▶ _ACTIVITY_
Please find every line of the listing below where "down" occurs and copy it.

(INPUT begins)

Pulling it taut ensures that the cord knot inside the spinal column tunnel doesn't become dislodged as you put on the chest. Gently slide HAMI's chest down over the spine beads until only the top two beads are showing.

(INPUT ends)
(INPUT begins)

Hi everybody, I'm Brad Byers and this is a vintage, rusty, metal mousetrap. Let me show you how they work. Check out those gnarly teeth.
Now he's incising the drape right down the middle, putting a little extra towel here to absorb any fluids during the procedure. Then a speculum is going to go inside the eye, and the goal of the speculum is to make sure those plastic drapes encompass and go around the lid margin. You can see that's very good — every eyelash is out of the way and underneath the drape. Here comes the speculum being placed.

(INPUT ends)

▶ _WRITTEN RESPONSE_
Pulling it taut ensures that the cord knot inside the spinal column tunnel doesn't become dislodged as you put on the chest. Gently slide HAMI's chest down over the spine beads until only the top two beads are showing.
Now he's incising the drape right down the middle, putting a little extra towel here to absorb any fluids during the procedure. Then a speculum is going to go inside the eye, and the goal of the speculum is to make sure those plastic drapes encompass and go around the lid margin. You can see that's very good — every eyelash is out of the way and underneath the drape. Here comes the speculum being placed.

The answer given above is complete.